In 2023, Raytheon CEO Greg Hayes warned that Beijing effectively has the US military’s supply chain by the balls, thanks to America’s reliance on rare earths and other materials which either come from, or are processed in, China.
According to Hayes, Raytheon has “several thousand suppliers in China,” because of which “decoupling … is impossible.“
“We can de-risk but not decouple,” he told the Financial Times, adding that he thinks this is the case “for everybody.”
“Think about the $500bn of trade that goes from China to the US every year. More than 95 per cent of rare earth materials or metals come from, or are processed in, China. There is no alternative,” he said.
Fast forward two years later – and China’s recent curbs on the export of critical minerals are rippling through the U.S. defense supply chain, slowing production schedules and sending manufacturers on a global search for scarce materials needed in everything from munitions to fighter jets.

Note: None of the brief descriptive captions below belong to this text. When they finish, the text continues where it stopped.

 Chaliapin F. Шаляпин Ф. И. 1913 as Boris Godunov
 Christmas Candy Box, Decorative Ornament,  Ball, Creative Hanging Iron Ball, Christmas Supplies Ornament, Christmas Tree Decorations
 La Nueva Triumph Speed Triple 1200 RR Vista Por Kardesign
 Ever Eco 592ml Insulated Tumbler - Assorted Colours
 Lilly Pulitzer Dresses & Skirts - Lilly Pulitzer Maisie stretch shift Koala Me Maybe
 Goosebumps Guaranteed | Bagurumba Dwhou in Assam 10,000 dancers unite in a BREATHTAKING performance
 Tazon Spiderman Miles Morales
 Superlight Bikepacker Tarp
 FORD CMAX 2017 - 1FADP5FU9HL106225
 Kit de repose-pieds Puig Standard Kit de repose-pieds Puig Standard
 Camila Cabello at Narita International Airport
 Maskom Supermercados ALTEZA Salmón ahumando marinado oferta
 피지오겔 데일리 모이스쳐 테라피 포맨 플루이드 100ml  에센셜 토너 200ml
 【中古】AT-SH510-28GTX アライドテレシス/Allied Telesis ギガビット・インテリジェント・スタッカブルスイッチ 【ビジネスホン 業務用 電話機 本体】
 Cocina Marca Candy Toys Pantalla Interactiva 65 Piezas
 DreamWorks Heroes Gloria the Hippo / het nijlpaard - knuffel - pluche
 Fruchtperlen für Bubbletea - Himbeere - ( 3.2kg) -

In short, amid a surge in U.S.-China trade tensions earlier this year, Beijing tightened its control over rare earth exports. Those shipments resumed after the Trump administration reached a set of trade concessions in June, however China has kept a firm hold on materials destined for defense use. Accounting for roughly 90 percent of the world’s rare earth output – and dominating the supply of other strategic minerals – China has also barred the sale of germanium, gallium and antimony to the United States since December. The three metals are essential for bullet hardening, night-vision optics and other military applications, the WSJ reports.